Crawled caption data
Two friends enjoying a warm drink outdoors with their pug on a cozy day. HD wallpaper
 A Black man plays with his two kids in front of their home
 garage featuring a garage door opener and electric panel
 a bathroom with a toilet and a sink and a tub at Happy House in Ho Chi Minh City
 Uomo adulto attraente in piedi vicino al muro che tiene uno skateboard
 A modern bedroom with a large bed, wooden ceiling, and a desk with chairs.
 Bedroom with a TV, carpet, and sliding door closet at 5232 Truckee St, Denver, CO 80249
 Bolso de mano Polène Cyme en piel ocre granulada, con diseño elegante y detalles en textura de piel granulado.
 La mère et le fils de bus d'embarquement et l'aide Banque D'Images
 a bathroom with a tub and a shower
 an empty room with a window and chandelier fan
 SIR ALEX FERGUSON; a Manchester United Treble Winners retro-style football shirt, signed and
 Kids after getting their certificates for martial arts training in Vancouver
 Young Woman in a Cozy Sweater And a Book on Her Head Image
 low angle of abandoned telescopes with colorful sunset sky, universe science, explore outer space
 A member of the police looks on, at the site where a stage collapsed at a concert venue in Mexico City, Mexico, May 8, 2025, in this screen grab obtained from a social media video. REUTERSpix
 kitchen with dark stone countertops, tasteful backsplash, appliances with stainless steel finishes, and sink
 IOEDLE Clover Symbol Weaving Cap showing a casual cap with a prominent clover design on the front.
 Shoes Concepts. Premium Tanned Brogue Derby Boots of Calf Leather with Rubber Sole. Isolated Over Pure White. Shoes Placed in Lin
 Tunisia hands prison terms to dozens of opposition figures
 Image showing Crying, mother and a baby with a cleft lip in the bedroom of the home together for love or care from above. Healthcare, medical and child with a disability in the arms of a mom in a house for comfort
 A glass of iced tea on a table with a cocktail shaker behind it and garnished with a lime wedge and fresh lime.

▶ _EXERCISE DETAILS_
Please return the records above in their exact form.

▶ _TASK RESULT_
Two friends enjoying a warm drink outdoors with their pug on a cozy day. HD wallpaper
 A Black man plays with his two kids in front of their home
 garage featuring a garage door opener and electric panel
 a bathroom with a toilet and a sink and a tub at Happy House in Ho Chi Minh City
 Uomo adulto attraente in piedi vicino al muro che tiene uno skateboard
 A modern bedroom with a large bed, wooden ceiling, and a desk with chairs.
 Bedroom with a TV, carpet, and sliding door closet at 5232 Truckee St, Denver, CO 80249
 Bolso de mano Polène Cyme en piel ocre granulada, con diseño elegante y detalles en textura de piel granulado.
 La mère et le fils de bus d'embarquement et l'aide Banque D'Images
 a bathroom with a tub and a shower
 an empty room with a window and chandelier fan
 SIR ALEX FERGUSON; a Manchester United Treble Winners retro-style football shirt, signed and
 Kids after getting their certificates for martial arts training in Vancouver
 Young Woman in a Cozy Sweater And a Book on Her Head Image
 low angle of abandoned telescopes with colorful sunset sky, universe science, explore outer space
 A member of the police looks on, at the site where a stage collapsed at a concert venue in Mexico City, Mexico, May 8, 2025, in this screen grab obtained from a social media video. REUTERSpix
 kitchen with dark stone countertops, tasteful backsplash, appliances with stainless steel finishes, and sink
 IOEDLE Clover Symbol Weaving Cap showing a casual cap with a prominent clover design on the front.
 Shoes Concepts. Premium Tanned Brogue Derby Boots of Calf Leather with Rubber Sole. Isolated Over Pure White. Shoes Placed in Lin
 Tunisia hands prison terms to dozens of opposition figures
 Image showing Crying, mother and a baby with a cleft lip in the bedroom of the home together for love or care from above. Healthcare, medical and child with a disability in the arms of a mom in a house for comfort
 A glass of iced tea on a table with a cocktail shaker behind it and garnished with a lime wedge and fresh lime.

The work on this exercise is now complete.